Não se trata aqui de reduzir o papel da arte, mesmo que assim o pareça na tentativa de defini-la em um parágrafo. Trata-se de dizer que nos últimos anos ela vem perdendo o jogo como um “bem público” da vida social para se tornar um “ótimo negócio” dos interesses privados.
Há aqueles que regozijam com a explosão do mercado de arte e o importante lugar que ocupa nele a arte brasileira. Novas galerias surgem em São Paulo a cada semana, o mundo conta com mais de 300 bienais, e as inúmeras feiras celebram o interesse crescente pela arte a julgar pela alta visitação e o alto volume de vendas. No Brasil, centros culturais privados geridos por dinheiro público advindo de incentivos fiscais exibem seus nomes fantasia nas fachadas de prédios imponentes em endereços nobres com orgulho filantrópico.
Precisamos retroceder alguns séculos para entender como tudo isso começou. Desde o primeiro momento em que artistas começaram a viver de sua produção, alguma forma de mercado de arte negociava transações entre pessoas que detinham poder e pessoas que detinham talento artístico. O primeiro crítico do mercado da arte, Gerald Reitlinger, atestou em seu clássico The Economy of Taste (1961) que o mundo não poderia oferecer enormes quantias de dinheiro à arte até que o mundo obtivesse enormes quantias de dinheiro. Isto é, após a industrialização e financeirização do capitalismo. Quando pinturas históricas e cubistas figuraram juntas nas primeiras IPOs do século XX (do inglês, initial public offering; evento que marca a primeira venda de ações de uma empresa no mercado de ações), atingiram um valor astronômico, pois, subitamente, as pessoas passaram a ver pinturas não apenas como representações de valores históricos, mas de valores futuros. Obras de arte passaram a ser avaliadas não mais como objetos de valor agregado, mas como unidades de medida de valor especulativas. Mais recentemente, a caveira cravejada de diamantes de Damien Hirst, com custo de produção de U$23.6 milhões, foi arrematada por U$100 mi, o maior valor já atribuído a uma obra de um artista vivo.

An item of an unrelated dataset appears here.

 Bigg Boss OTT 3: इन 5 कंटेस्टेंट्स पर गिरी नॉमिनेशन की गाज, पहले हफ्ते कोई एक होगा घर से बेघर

Foi a partir dos anos 80 que, respondendo à crise de estagflação mundial ocorrida na década de 70 e início dos 80, o capitalismo dirigido pelas finanças disseminou a sua lógica inexorável do mercado caracterizado pela ausência de regulamentação e voltado para a maximização do valor aos acionistas por todos os cantos do planeta. E a velha novidade é que os executivos do capitalismo financeiro que patrocinam as artes e ocupam assentos em conselhos administrativos de museus são os mesmos acionistas voltados para a maximização do valor a qualquer custo por todos os cantos do planeta. O caráter filantrópico associado ao patrocínio empresarial à cultura como “bem público” mascara um outro tipo de maximização do valor: o do capital simbólico. Tal como os antigos empreendedores, as elites corporativas lutam para consolidar sua posição e seu status dominantes na vida corporativa por meio de uma intricada rede de relações econômicas e sociais. Engajar as companhias no comando das artes e atividades culturais é parte dessa estratégia.
Em outras palavras, qualquer tipo de patrocínio corporativo à arte e cultura, seja por meio de doações, e principalmente por incentivos fiscais, gera lucro. Portanto, não há mera coincidência entre a bilionária ascensão do mercado da arte contemporânea e a desregulamentação do capital financeiro. Pautado por uma economia desterritorializada de especulação do capital, o neoliberalismo encontrou na obra de arte, como mercadoria de especulação sobre valores futuros, sua alma-gêmea. Aquilo que se convencionou chamar de “Economia Criativa”, a partir dos anos 2000, foi a bem-sucedida união em comunhão de bens da economia neoliberal com a arte; uma expressão que designa deliberadamente a privatização da cultura.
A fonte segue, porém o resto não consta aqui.